La magnitud del encuentro se refleja también en la diversidad y el prestigio de sus patrocinadores. Algunas de las universidades más reconocidas a nivel mundial, incluyendo instituciones católicas de gran calado como la Universidad de Notre Dame y la Catholic University of America, han prestado su apoyo a este simposio de tres días. Su participación subraya la naturaleza interdisciplinaria y global del desafío que representa la convergencia de la inteligencia artificial y la seguridad nuclear.
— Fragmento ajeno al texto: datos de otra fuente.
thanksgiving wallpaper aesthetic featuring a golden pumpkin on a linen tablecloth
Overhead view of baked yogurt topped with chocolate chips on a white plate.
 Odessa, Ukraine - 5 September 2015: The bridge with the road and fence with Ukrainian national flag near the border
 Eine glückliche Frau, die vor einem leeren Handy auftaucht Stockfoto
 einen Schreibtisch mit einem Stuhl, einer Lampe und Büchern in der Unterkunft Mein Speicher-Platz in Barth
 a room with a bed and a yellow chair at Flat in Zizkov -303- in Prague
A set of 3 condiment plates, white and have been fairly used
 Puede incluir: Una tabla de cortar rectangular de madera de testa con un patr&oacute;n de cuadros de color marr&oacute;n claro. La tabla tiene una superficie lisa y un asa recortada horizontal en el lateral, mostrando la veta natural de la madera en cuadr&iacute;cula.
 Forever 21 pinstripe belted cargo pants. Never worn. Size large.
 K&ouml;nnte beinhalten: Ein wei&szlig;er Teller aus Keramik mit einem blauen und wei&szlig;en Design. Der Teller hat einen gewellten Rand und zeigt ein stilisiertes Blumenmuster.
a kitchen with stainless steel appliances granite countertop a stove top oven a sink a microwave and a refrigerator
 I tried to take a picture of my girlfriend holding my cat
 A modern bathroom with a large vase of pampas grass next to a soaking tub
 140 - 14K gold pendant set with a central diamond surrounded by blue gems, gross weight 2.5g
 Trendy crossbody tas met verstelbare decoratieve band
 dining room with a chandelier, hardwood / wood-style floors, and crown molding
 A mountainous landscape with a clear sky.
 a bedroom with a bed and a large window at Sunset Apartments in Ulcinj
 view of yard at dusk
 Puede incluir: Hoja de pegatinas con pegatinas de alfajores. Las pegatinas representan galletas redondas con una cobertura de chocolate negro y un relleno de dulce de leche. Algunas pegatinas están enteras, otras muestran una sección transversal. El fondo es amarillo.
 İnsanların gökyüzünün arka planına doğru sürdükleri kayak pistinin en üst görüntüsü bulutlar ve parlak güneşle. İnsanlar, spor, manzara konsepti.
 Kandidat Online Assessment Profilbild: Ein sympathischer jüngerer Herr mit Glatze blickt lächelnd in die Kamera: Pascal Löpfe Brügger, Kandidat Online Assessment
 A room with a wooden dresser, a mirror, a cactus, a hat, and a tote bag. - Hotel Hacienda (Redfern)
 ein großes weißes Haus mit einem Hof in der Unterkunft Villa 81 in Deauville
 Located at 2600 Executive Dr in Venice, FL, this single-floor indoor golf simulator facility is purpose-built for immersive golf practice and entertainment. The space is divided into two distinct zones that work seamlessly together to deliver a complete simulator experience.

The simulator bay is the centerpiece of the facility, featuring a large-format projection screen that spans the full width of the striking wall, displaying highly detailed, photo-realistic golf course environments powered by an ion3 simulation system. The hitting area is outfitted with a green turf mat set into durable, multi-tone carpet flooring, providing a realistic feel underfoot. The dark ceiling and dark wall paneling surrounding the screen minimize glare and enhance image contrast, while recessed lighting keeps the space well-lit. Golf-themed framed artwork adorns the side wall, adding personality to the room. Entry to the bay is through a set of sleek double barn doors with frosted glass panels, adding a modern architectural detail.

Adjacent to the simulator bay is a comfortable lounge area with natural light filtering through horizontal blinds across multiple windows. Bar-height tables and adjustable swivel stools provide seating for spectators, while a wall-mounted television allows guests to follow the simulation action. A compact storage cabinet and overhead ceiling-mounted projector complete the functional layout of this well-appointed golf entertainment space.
En diversas intervenciones públicas y, de manera particular, en su encíclica *Magnifica humanitas*, el Papa León XIV ha emitido serias advertencias sobre las amenazas inherentes a la proliferación de armas nucleares y, de forma creciente, al uso irresponsable o malintencionado de la inteligencia artificial. El Pontífice ha insistido repetidamente en la necesidad de un enfoque ético que priorice la dignidad humana y el bien común ante el vertiginoso avance tecnológico. Sus palabras resonaron fuertemente en la comunidad internacional, impulsando a líderes y pensadores a considerar las implicaciones morales y existenciales de estas herramientas.
Alessio Pecorario, uno de los organizadores clave de la cumbre y fundador de la Fundación Domus Communis, ha enfatizado que el evento es una respuesta tangible al llamado urgente del Papa León XIV por el desarme. En declaraciones a EWTN News, Pecorario explicó que “el desarme, en la doctrina social de la Iglesia, no es sólo el desarme de las armas, obviamente, sino también el desarme de los espíritus; es el desarme de la economía”. Esta visión ampliada del desarme, que abarca dimensiones psicológicas, sociales y económicas, busca fomentar una cultura de paz más profunda y holística, desmantelando no solo los arsenales físicos sino también las causas subyacentes de conflicto y desconfianza.
El organizador añadió que la conferencia se centra en la “gobernanza de la inteligencia artificial”. Aclaró que esta gobernanza “debe entenderse no como burocracia, sino como un esfuerzo conjunto de líderes empresariales, religiosos y académicos para ayudar a garantizar que los seres humanos mantengan un control positivo sobre los desafíos de nuestro tiempo”. Este enfoque colaborativo reconoce que ningún actor individual –ya sea un gobierno, una empresa o una institución académica– puede abordar por sí solo la complejidad y el alcance de los retos que plantea la inteligencia artificial. Es fundamental una sinergia de conocimientos y éticas para asegurar que la IA sirva al progreso humano y no se convierta en una fuente de nuevas amenazas o desigualdades.
La cumbre, por tanto, representa un hito significativo en el esfuerzo global por confrontar la encrucijada tecnológica y moral de la era actual. Al reunir a las mentes más brillantes del planeta bajo el auspicio del Vaticano, el Papa León XIV busca catalizar un diálogo crítico y constructivo que propicie soluciones responsables y éticas. La declaración final desde el corazón de Roma no solo será un documento de intención, sino una hoja de ruta para una humanidad que aspira a un futuro de paz, seguridad y dignidad en un mundo cada vez más interconectado y tecnológicamente avanzado.